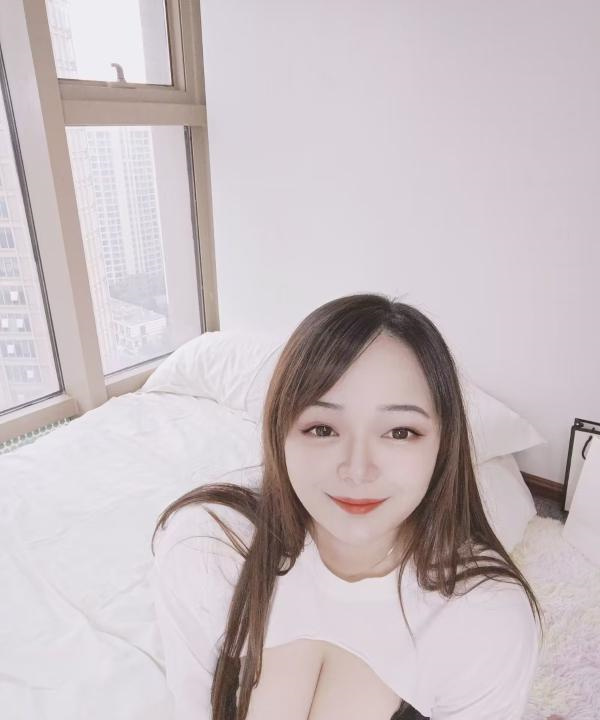 巨乳园区妹妹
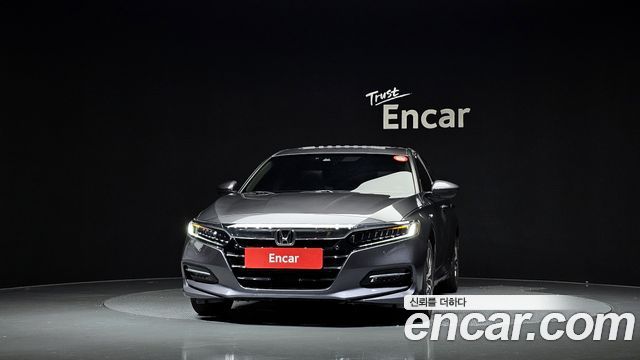 Honda Accord (X) 2.0 Hybrid Touring 2018 — фото 3
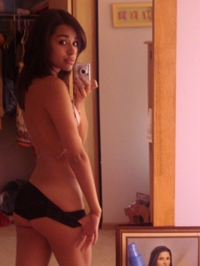 In the room of an exotic beauty GF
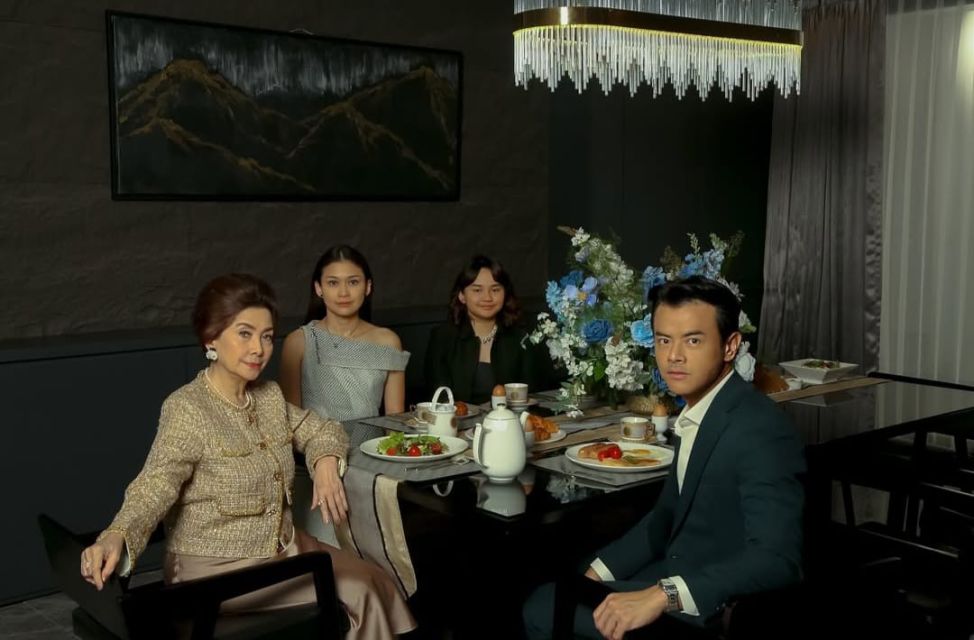 keluarga Milla di a normal woman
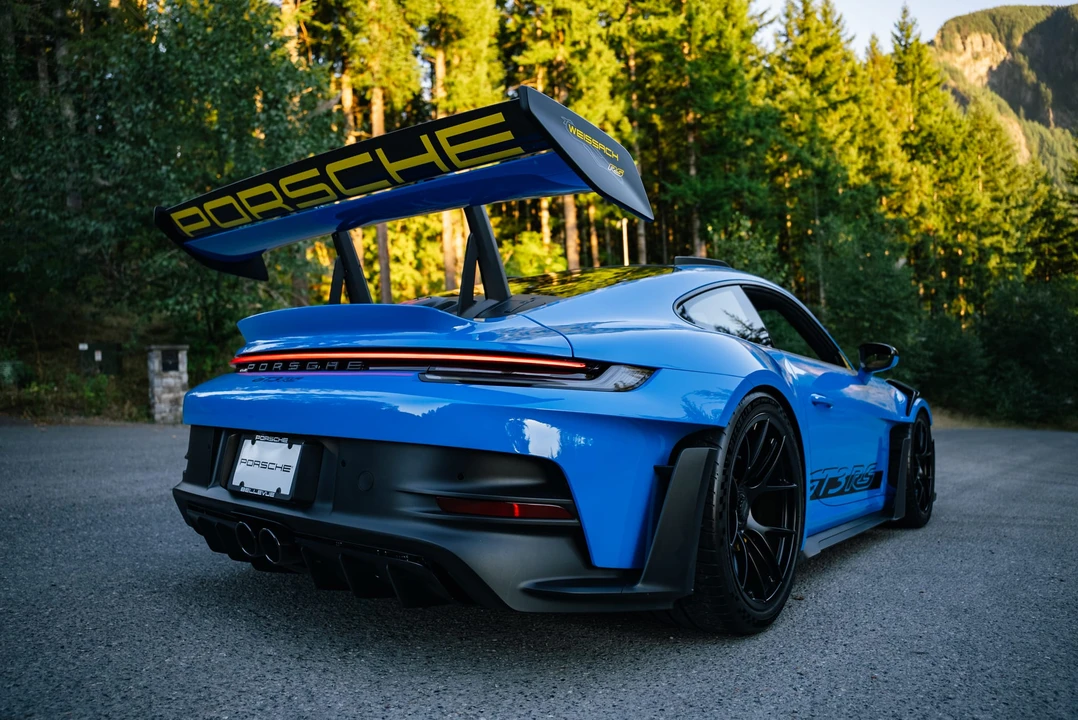 2024 Porsche 992 GT3 RS - Image 17 of 31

■ ■ ■ ■

**Problem to solve:** Please give an exact printout of all the records, pictures aside.

**Answer box:**
 巨乳园区妹妹
 Honda Accord (X) 2.0 Hybrid Touring 2018 — фото 3
 In the room of an exotic beauty GF
 keluarga Milla di a normal woman
 2024 Porsche 992 GT3 RS - Image 17 of 31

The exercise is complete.